Inez Tan – This is where I won’t be alone

A friend recommended me the recent book of Inez Tan, This is where I won’t be alone, and above that got me a copy signed by the author delivered to a conference in Korea I attended.

This book is a collection of short stories published in various media over the years, where the connecting thread are feelings about home versus displacement. As one who has lived in a completely different cultural surrounding than my original one for nearly ten years, many of these stories resonated within me and recalled similar feelings.

Here are comments to some of the stories, but I try not to spoil the pleasure of reading them yourself: The starting one is Edison and Curie, a gripping story about brother and sister, him being a genius, and their development. Nice story, well built up, I was only a bit unsatisfied about the ending. Oyster tells the story of life of a bag of Oyssters, absolutely great!

The story Lee Kuan Yew Is Not Always the Answer is about a young teacher in Singapore reflecting on the history of Singapore as well as her own development:

In the past, our leaders fought their battles to determine what we were not. We were not a British colony. We were not a communist state. We were not part of Malaysia. The struggle now has been to define what we are. Adolescence – we can relate to that, especially those of us who haven’t quite figured our way out of it yet.

The next piece, The Colony, is one of my favorites, and also provides the book title. A story about ants, humans, and living together. Following is Why, Grandmother, a very short piece, just three pages, but with few words a full world of memories is created. I liked it a lot, despite the fact that I cannot really explain why. The following story, Tragic Flaws, is the one I liked the least. I wasn’t sure whether the broken English was on purpose, I couldn’t really relate to the story.

Single is a story about lost, or failed, love. Talking to Strangers is again a piece I liked a lot, talking about crossings of lives and surprising developments, missed opportunities. The Princess and the Dragon tells the story of a little princess facing a everything devouring dragon, and somehow taming it. I liked the dragon, he was such a lazy bun. Reproduction, another very short story of three pages, ingenuously tells us how incidental our partnerships often can be.

Dear Famous Poet is again turning around courtship, in particular the nervousness of boy bringing out a girl to a poet’s reading. The tension between the high values of poetry, the expectation of excellence, the story how it all came up to this date, is a moving story of young love. My favorite quote from the book is also from it:

We live our lives like strobe light flashes, hoping that the next burst will make sense after the next. Is that reverence or fear? Is that a series of excuses, or is it all there is?

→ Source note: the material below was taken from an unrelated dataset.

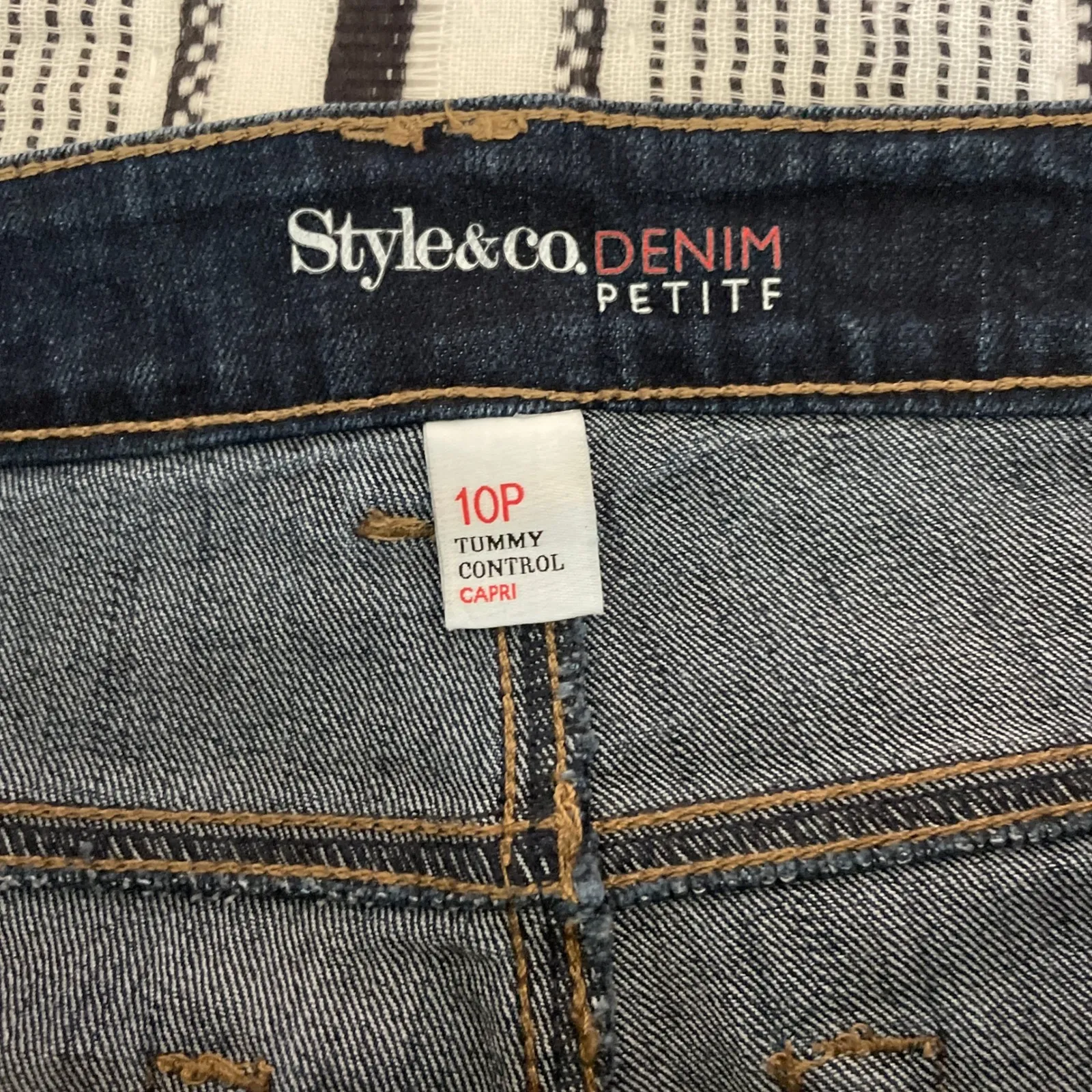 Style & Co. Denim Petite Capri‎ Jeans 10 Dark Wash Normcorel Pants Mature Y2K - Image 2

Home, the shortest story with just two pages, contrasts the meaning of “home” with a disappearing McDonald’s. Very funny and interesting. I often miss a way to express the German “Heimat” in English, because it has so much more connotations then I know of “home”.

You were the one who told me that home is something we have to make for ourselves.

The last story, One the Moon, relates stories from a moon base and how people deal with their lives there. Sometimes living abroad does seem like living on the moon.

I am very grateful to Stella for introducing me to this very nice book, and to Inez for signing me a copy. It was a great book, and my daughter enjoyed “reading” it, too. Well, especially looking at the beautiful Inez Tan 😉 If you get your hand on this book, I heartily recommend reading it, especially if you have or had times wondering what home, loneliness, and “Heimat” is.